So the disciples came away again towards themselves. Mary in fact had stood outside at the tomb, weeping; so, when she was weeping, she bent down into the tomb, and she observes two announcers in white, sitting down one at the head and one at the feet where the body of Jesus had been resting. And those state to her, “Woman, why do you weep?”
The two disciples had seen enough. The tomb no longer contained the embalmed body of Jesus. There was nothing more they could do.
Not Mary Magdalene. She was crying. What had “they” done to the body of Jesus? What more could they have done to it after crucifying it in public? In sorrow she looks inside. Two “declarers” – the Greek word is “angelos” meaning “messengers” – are there, in white. God’s declarers.
She states to them that, “They took my Lord, and I have not discerned where they have set him down!” Having said these things, she was turned into the things behind and observes Jesus stood, and she had not discerned that it is Jesus.

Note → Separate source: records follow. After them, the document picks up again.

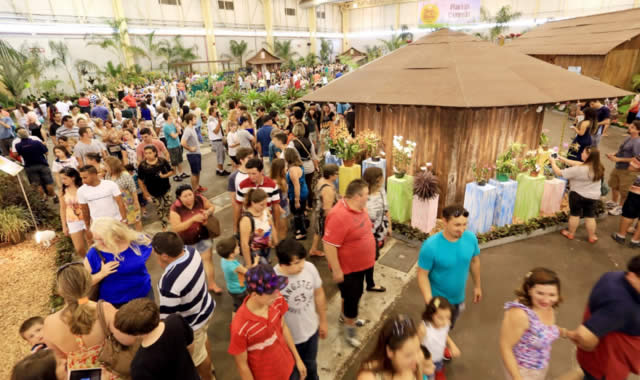 78a Festa das Flores de Joinville - Complexo Expoville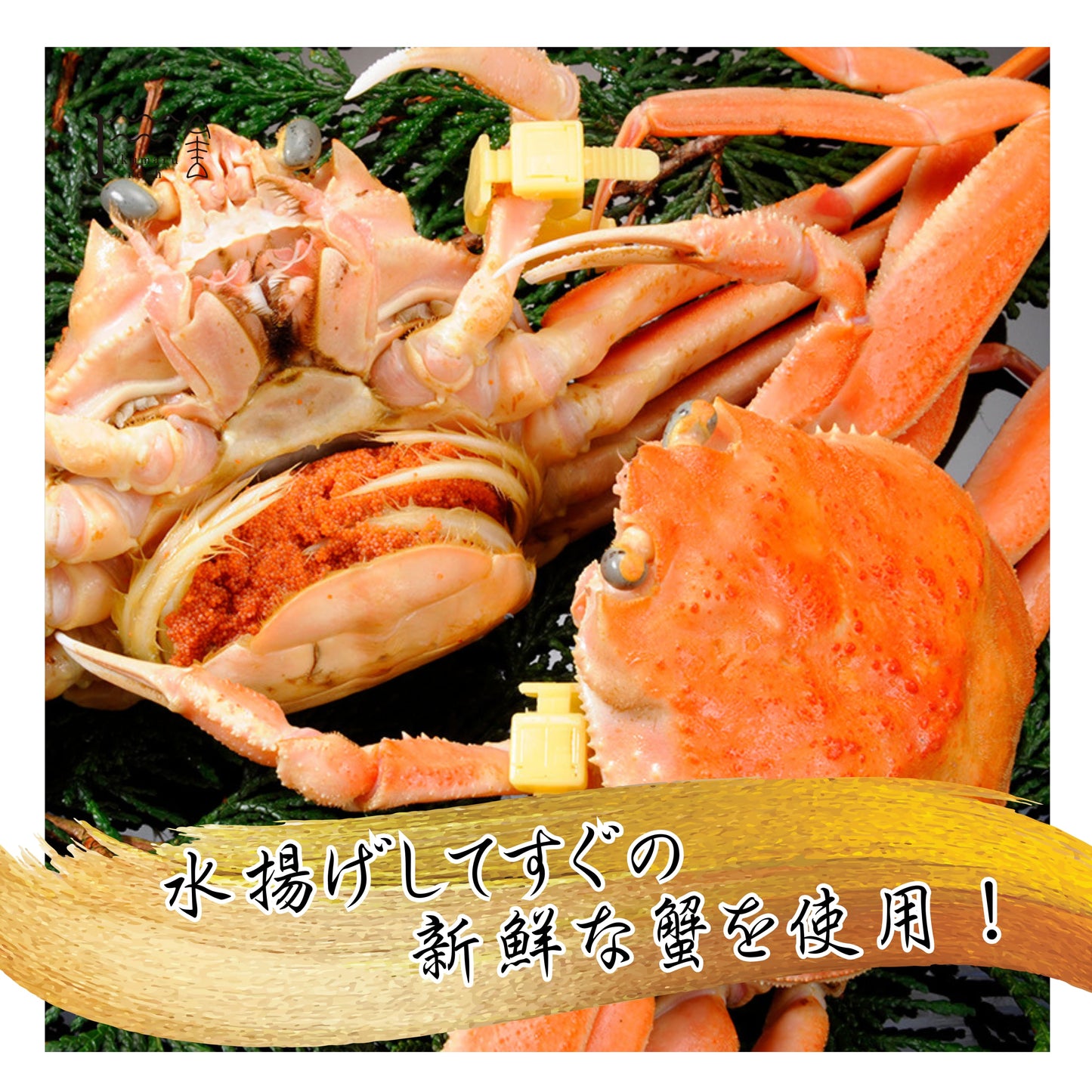 【福井】福丸ふれっしゅ セイコガニ甲羅詰め 1個(越前産)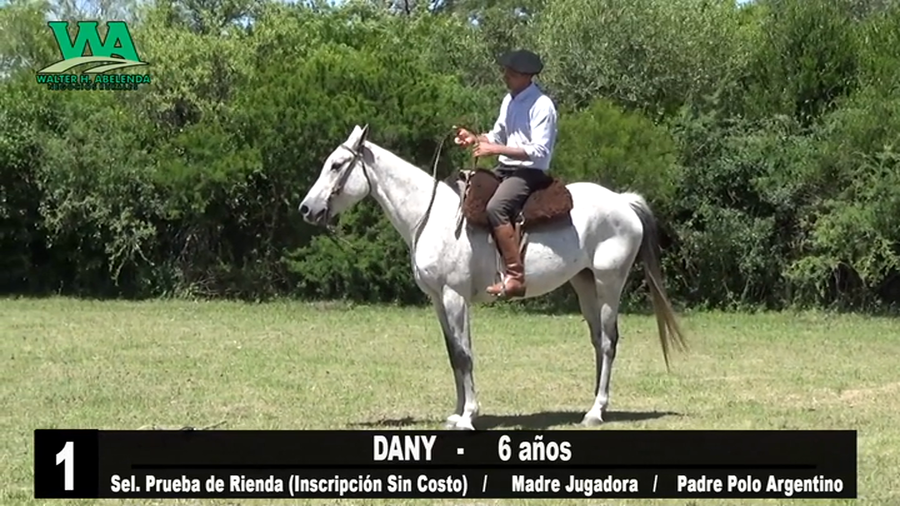 Lote DANY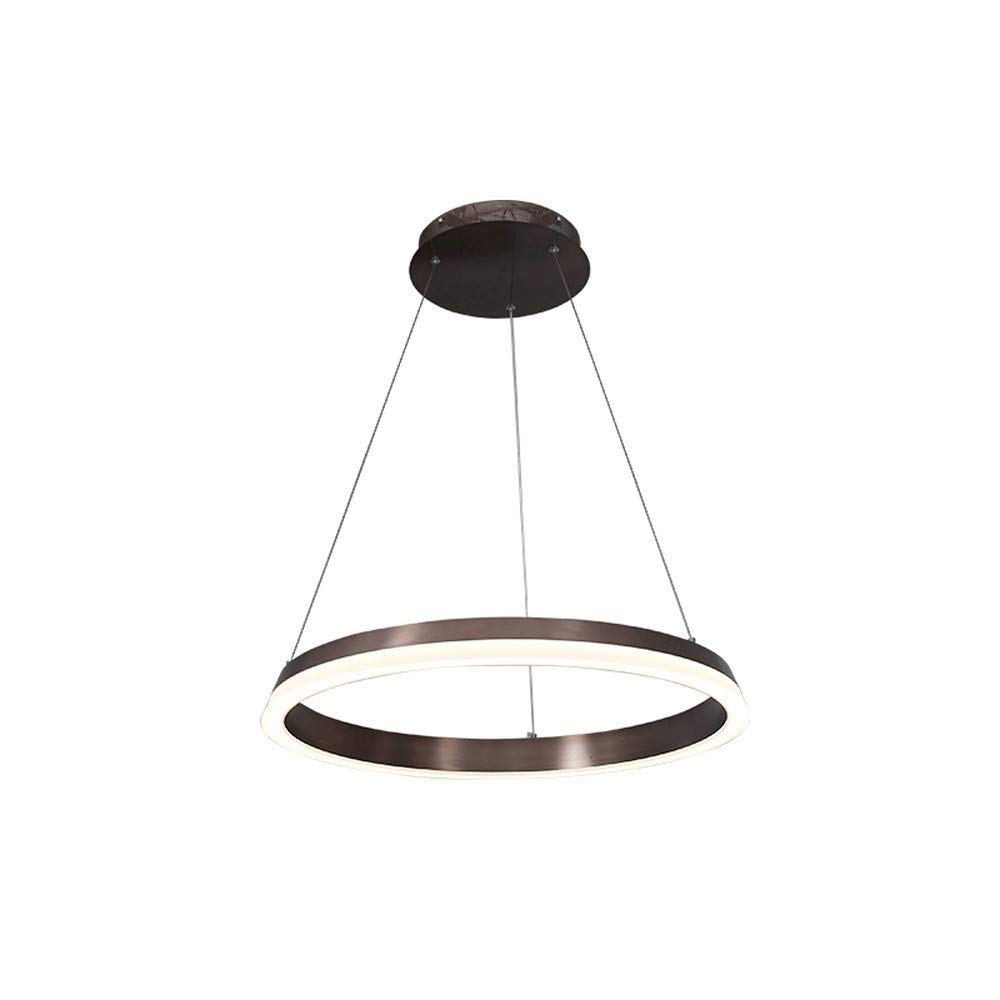 Lustre artistique créatif avec éclairage LED circulaire haut de gamme pour maison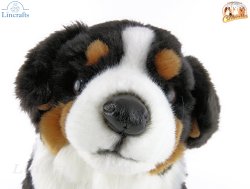 Soft Toy Bernese Mountain Dog by Faithful Friends (25cm)H FBM03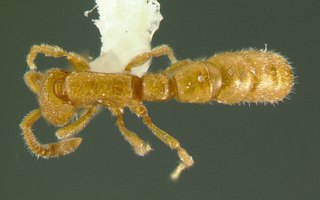 Sphinctomyrmex species1, worker, top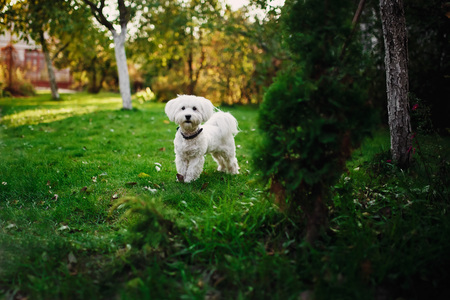 Fluffy Maltese mix on the grassの写真素材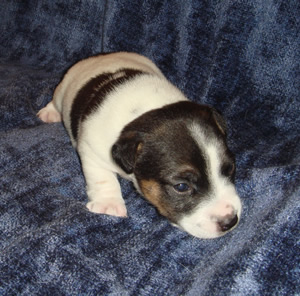 Puppy 6 Female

Someone else was there. She turned “into the things behind” and told him why she was crying. She wanted to find Jesus who was no longer in the tomb. She hadn’t discerned that it was Jesus speaking to her.
Jesus states to her, “Woman, why do you weep? Whom do you seek?” That one, assuming that he is the gardener, states to him, “Lord, if you yourself lifted him, say to me where you set him down, and I will take him.” Jesus states to her, “Mary.”
Isn’t it strange that Jesus asks her to explain those two things to him? Why weep? Whom do you seek? In today’s world, many are weeping – and seeking answers which aren’t there. When Jesus, alive from the dead, speaks to me my own name, everything, everyone turns.